# My first smoke: pork crown roast (Q-view to follow the smoke)



## cppbrian (Dec 25, 2009)

Hello, My family and I were planning on doing this for Christmas dinner, along with a turkey. Well, 6 of the planned 13 people for dinner canceled last minute, and the turkey is already baking. So we decided to hold off on the crown roast till Sunday. I just unwrapped a 40" MES for my Christmas present, and right now its outside 'seasoning'.  This is a picture of the roast when we picked it up, the butcher cut it a lot deeper than I was planning for, so I'm guessing these will cook as fast as pork chops. 

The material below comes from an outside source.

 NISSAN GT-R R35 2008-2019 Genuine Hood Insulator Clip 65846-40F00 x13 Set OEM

I need some input on how I should prepare this. I am thinking to make it bbq style.  I am not sure if I should brine it or not, and what I should have in the brine if I decide to. Also a good rub to use. I am not sure how long to cook it for or what temperature. I was guessing 250 for 3-4 hours?  I will have 2 meat probes inserted into the thickest part of meat on opposite sides of the roast, but I want to plan on when it will be done so the fixins will be ready at the same time. I do plan on smoking Dutch's wicked baked beans along with the pork. I have mesquite and hickory chips, as well as a bunch of pistachio shells, but I am thinking about using only hickory. With the roast cut as it is, the smoke should penetrate it pretty well.
And I do figure that the price is pretty high for pork, but it was a custom order cut of meat and my mom went to order it.

Thanks a bunch everyone for any input.


----------



## cppbrian (Dec 27, 2009)

I got no replies for suggestions on what rub, so I combined a few rubs in the smoke and spice book and came up with :
1/2 C paprika
1/3 C Turbinado sugar
4T lemon pepper
2 1/2 T kosher salt
1 1/2 T Chili powder
1 1/2 T garlic powder
1 1/2 T onion powder
1 t cayenne (woulda used more if it was just for me, but i'm feeding my parents too)

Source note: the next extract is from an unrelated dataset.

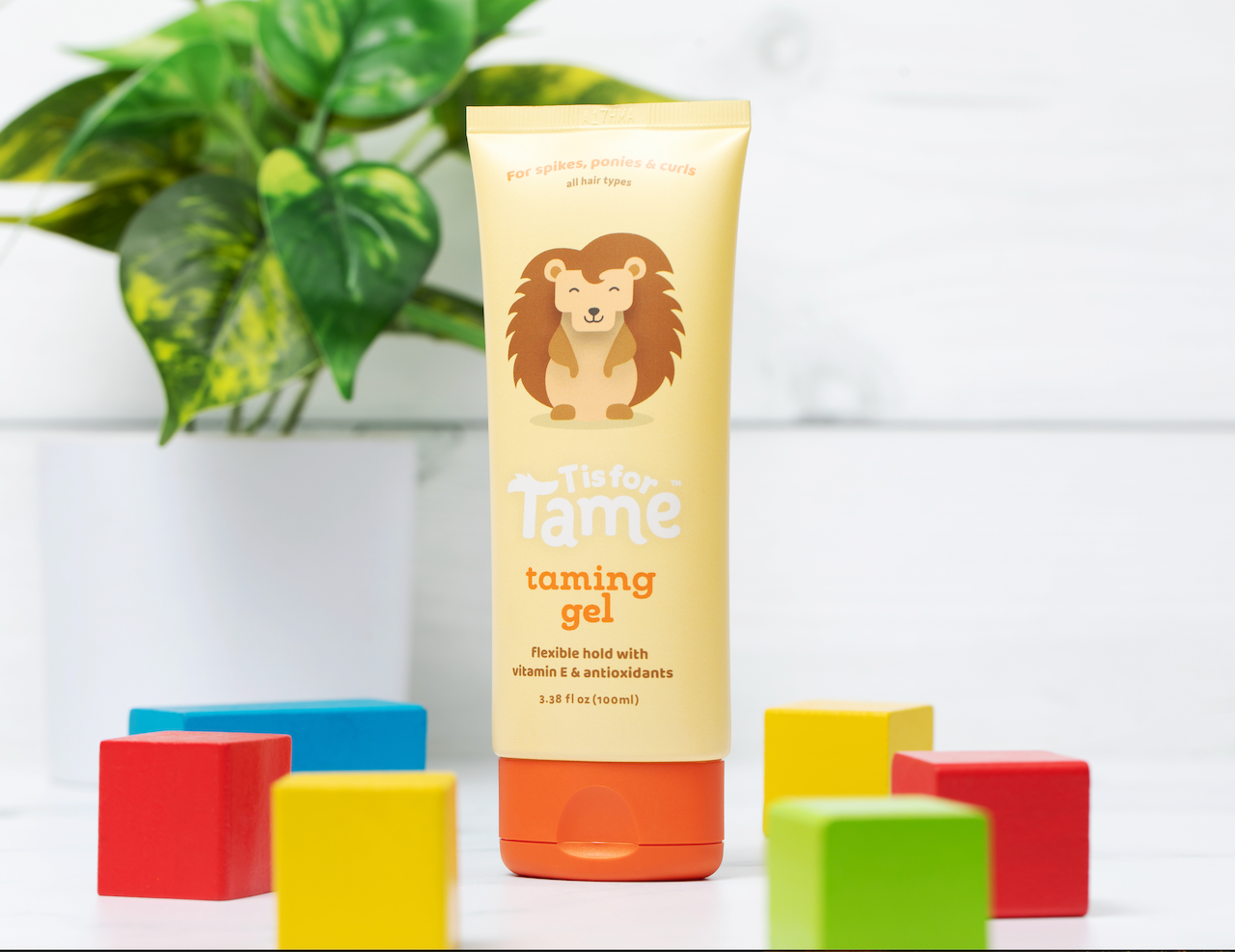 T is for Tame - Vegan, Natural Kids Hair Gel & Baby Shampoo Bundle - 4 count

Here's a picture of it all rubbed down.

It's now wrapped up in plastic wrap in the fridge waiting for tomorrow.

I am going to try to get it done in 4- 4 1/2 hours, so I'm gonna smoke it at 260 adding hickory the whole way. I will have a probe of course to let me know when it hits 160

Hope it works out, it is my first smoke.


----------



## the dude abides (Dec 27, 2009)

Sorry nobody got back to you.  Looks like you're off to a good start.  Hope all turns out well.


----------



## beer-b-q (Dec 27, 2009)

Looks To Be A Great Start...


----------



## john3198 (Dec 27, 2009)

Good luck. Rub looks grat. Similar to one I use on pork. Should be fine.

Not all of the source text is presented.